According to the Investo founders, Cauê Mançanares, Silvio Junqueira and Gabriel Lansac, fintech‘s proposal is to “turn Brazilians into a global investor” through its platform, with products that enable investments abroad in a simplified and low-cost way. Fintech‘s flagship is the Exchange Traded Funds (ETFs), investment funds that represent international companies, traded on the stock exchange, with any brokerage firm and investments starting at BRL 10.
Investo’s entire operation will be carried out on B3, with the offer of products listed on the American stock exchange and made available on the Brazilian stock exchange. Investo expects to end 2021 with twelve ETFs listed on B3 and 200,000 investors in its customer base. Investo already has a partnership with Easynvest by Nubank, Credit Suisse, Inter and Banco Modal.
Investo was founded in March 2020 and over the past year has worked with regulatory bodies in Brazil to structure the operation while negotiating the Seed round with investors. According to Mançanares, Investo’s CEO, when looking for investors, the company looked for professionals with experience in implementing ETFs in other countries and in the international capital market, adding expertise to the investment.

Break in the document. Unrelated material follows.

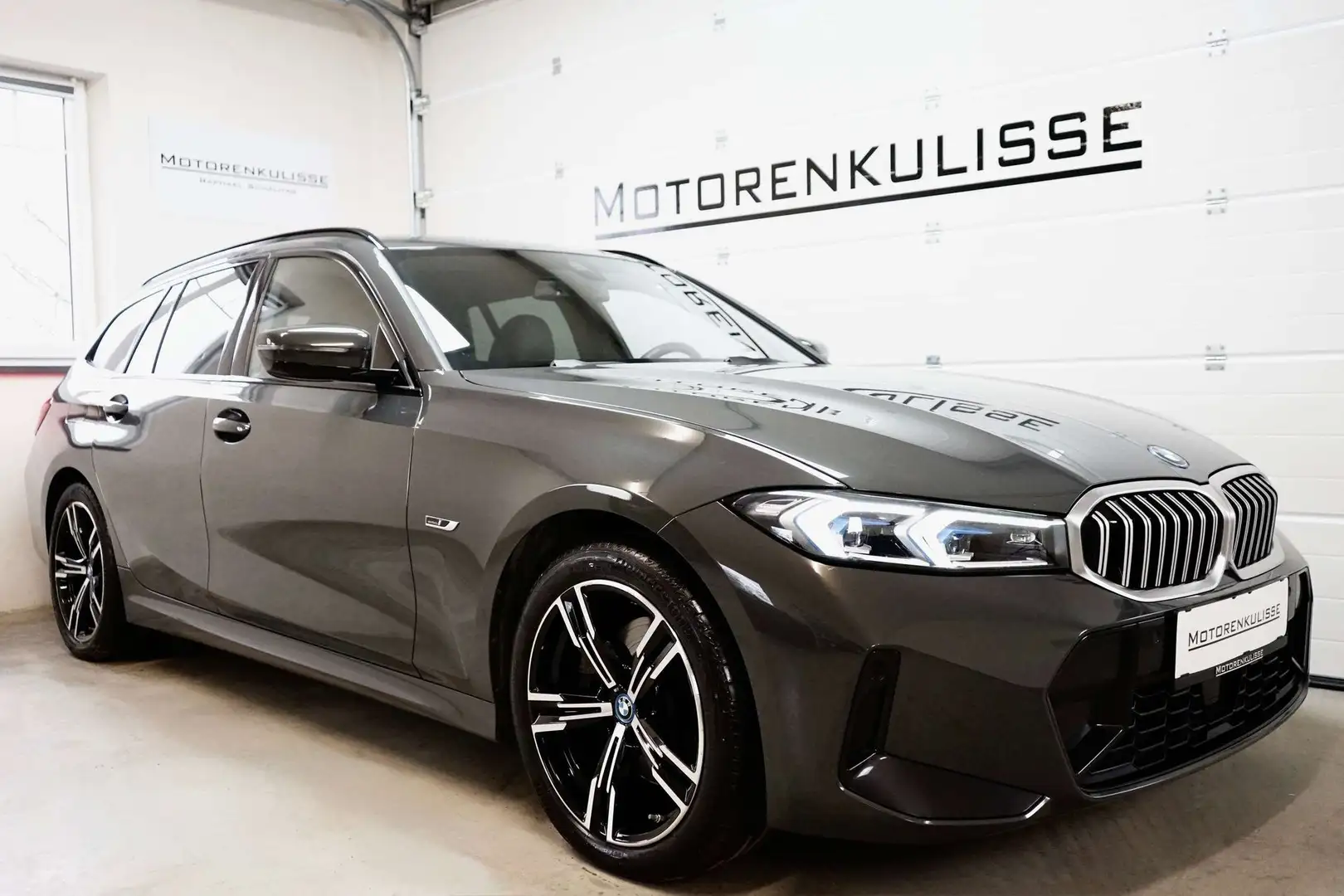 BMW 330 e xDrive Touring M Sport Aut. - Harman/K - Memory Grau - 2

“The financial market is a sector with strong regulation and requires extreme solidity from companies that decide to operate in the sector. It is not feasible to create a startup and believe that it will be able to provide innovative and quality financial services, it is necessary to have the resilience of processes, staff and infrastructure and this requires investments and a lot of studies”, said Mançanares.